Per quanto riguarda la mia famiglia, sebbene la nostra casa sia stata gravemente danneggiata, per nostra fortuna non è stata sommersa, quindi siamo stati in grado di tornare in città circa un mese dopo il disastro. Placata la tempesta, ho fatto parte di un gruppo ristretto di musicisti jazz, una manciata, per la verità, che ha partecipato ai primi concerti in due importanti locali storici della scena musicale cittadina, lo “Snug Harbor” e il “Maple Leaf.”  Ricordo molto bene quando ho guidato fino a “Snug Harbor” con l’intera città sprofondata nel buio a causa della mancanza di elettricità. Era uno scenario piuttosto spaventoso ed inquietante perché, allora, ancora non era permesso girare in macchina per le strade di notte. Ma quando ho svoltato l’angolo che dava sulla Frenchmen Street, un’unica luce era lì a segnalare la presenza dello “Snug Harbor.” Posso dire che che quel momento è stato momento molto emozionante per me, e rimane a testimonianza della volontà del proprietario di “Snug”, George Brumat, di riaprire il club al più presto, infischiandosene del numero dei presenti – erano davvero pochi, a momenti li si poteva contare sulle dita di una mano ed erano tutti della zona, in grado di raggiungere il locale.

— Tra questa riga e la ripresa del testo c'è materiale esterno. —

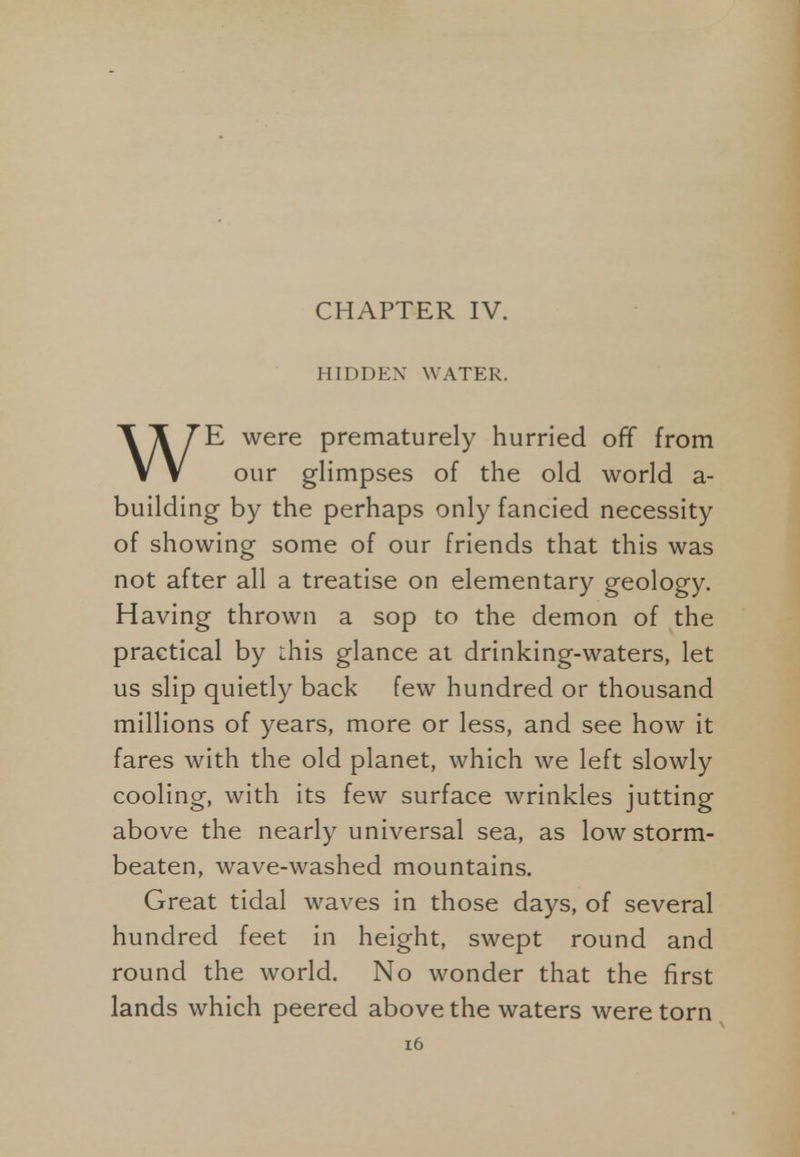 HIDDEN WATER. WE were prematurely hurried off from our glimpses of the old world a- building by the perhaps only fancied necessity of showing some of our friends that this was not after all a treatise on elementary geology. Having thrown a sop to the demon of the practical by this glance at drinking-waters, let us slip quietly back few hundred or thousand millions of years, more or less, and see how it fares with the old planet, which we left slowly cooling, with its few surface wrinkles jutting above the nearly universal sea, as low storm- beaten, wave-washed mountains. Great tidal waves in those days, of several hundred feet in height, swept round and round the world. No wonder that the first lands which peered above the waters were torn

Come docente della University of New Orleans poi, ti confesso che è stata una notevole sfida affrontare la situazione post Katrina. Ci siamo fatti letteralmente in quattro per rimanere in contatto con i nostri studenti che erano sparsi per il paese e per aiutarli a essere temporaneamente accolti e seguiti dagli atenei degli stati circostanti. Inoltre, il Conservatorio di Rotterdam in seguito a Katrina ha generosamente accolto ed ospitato numerosi studenti.

Mi potrebbe descrivere brevemente la scena musicale contemporanea di New Orleans?

L’attuale scena musicale di New Orleans è molto vivace. C’è un grande numero di musicisti creativi in città, musicisti che si dedicano a tutti i generi di musica, dal genere tradizionale a quello moderno; dal jazz d’avanguardia per finire addirittura con il “gypsie jazz.” E c’è in giro anche un sacco di musica blues, funk e art rock. New Orleans è e sarà sempre una mecca per tutti i tipi di musica.

Com’è rispetto ad altre collaborazioni che ha avuto nel corso della sua lunga carriera lavorare con sua figlia e suo figlio? 

All’inizio, come forse è naturale, ho sentito che il mio ruolo era più quello di un insegnante e di un mentore. Ma appena Sasha e Martin sono cresciuti, hanno cominciato a camminare con le loro gambe e in autonomia e tutti e due hanno scelto e sviluppato i loro percorsi musicali, percorsi che dal jazz li hanno portati ad esplorare l’art rock, l’elettronica e l’ethic folk. Oggi debbo confessarti che le sfide che entrambi mi lanciano sono un grande stimolo per migliorarmi. Imparo io da loro. Comunque, quando ci ritroviamo a suonare insieme, cosa che amiamo particolarmente, lo facciamo sempre nel segno del jazz.

Forse chiedo troppo: come vedi il jazz nel prossimi dieci anni?

Beh, penso che se riesci a non guardare il jazz come una “cosa” ma piuttosto come a un modo di “fare qualcosa”, otterrai una migliore comprensione di come il jazz sappia sviluppare così tante diramazioni e stili. Tutti gli elementi e le occasioni di contaminazione con ciò che è esterno, elementi che aiutano a plasmare  la musica e il suono e a farli evolvere e mutare sono ancora molto presenti a New Orleans così come lo erano all’epoca in cui il jazz mosse i primi passi. Quindi unisci virtuosismo, improvvisazione collettiva, un senso acuto del ritmo, il blues e delle menti creative, e otterrai gli ingredienti giusti per suonare il jazz. Per quanto concerne il futuro, vedo un gran numero di musicisti dotati di uno spiccato talento: a loro è affidato il compito di saper costruire su ciò che si è fatto in passato e fare evolvere la musica jazz verso nuovi e creativi orizzonti.